Bruce Dixon, editor of Black Agenda Report, has been one of the few reporters to sound the alarm over this boondoggle. In his article “Grand Theft Digital; How Corporate Broadcasters Are Hijacking Digital TV,” he said the FCC’s DTV Web site is devoid of any mention of the taxpayers’ gift to industry.
“The question of who owns the limited resource of broadcast airwaves, who is entitled to broadcast licenses and under what conditions, and in whose interest the public spectrum must be managed are entirely absent from the FCC’s public ‘awareness’ programs,” Dixon writes.

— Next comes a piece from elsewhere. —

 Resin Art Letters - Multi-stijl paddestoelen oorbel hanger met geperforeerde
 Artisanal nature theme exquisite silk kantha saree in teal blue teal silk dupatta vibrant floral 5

The DTV transition could be an incredible opportunity for the government to instill these public interest obligations in the new channels and to ensure that other voices often ignored and underrepresented by Big Media – such as local, independent and minority voices – get to use some of the new channels for different programming.

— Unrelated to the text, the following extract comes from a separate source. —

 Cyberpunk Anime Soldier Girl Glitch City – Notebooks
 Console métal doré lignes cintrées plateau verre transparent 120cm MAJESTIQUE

Instead, there are very few public service obligations, no caveats for more local news reporting and no mandates for channels to be owned by minority and female broadcasters. All we have to show for the dramatic digital expansion of broadcasting on public airwaves is a hard-won compromise to guarantee some children’s programming.
For over a decade, broadcasters have been selling the DTV transition to Capitol Hill, promising innovative programming and entire channels devoted to children’s shows and local news. But what do broadcasters really plan to do with the new channels?
Air reruns and weather reports.
As Carrie Biggs-Adams of the Communications Workers of America told Black Agenda Report: “Broadcasters have no idea how they will fill the extra channels they’ll get on February 18, 2009. They don’t have the content and they don’t have a clue. There are only so many reruns, reality shows and home shopping networks.”
Aside from raking in more ad revenue on their new channels, some broadcasters may not even see an incentive to offer compelling new programming that could drive audiences away from highly rated shows.
“It’s just a pure business decision,” James McQuivey, a media analyst with Boston-based Forrester Research, told the National Journal. “Do I run the risk of rolling out new channels that will dilute my audience base?”
Rather than allowing broadcasters to squat on spectrum with low-quality, mind-numbing shows and old movies of the week, the government should enforce a “use it or lose it” policy. Unless broadcasters devote their channels to useful and original programming for the public on the airwaves they use for free, they should have to give it to someone else who will.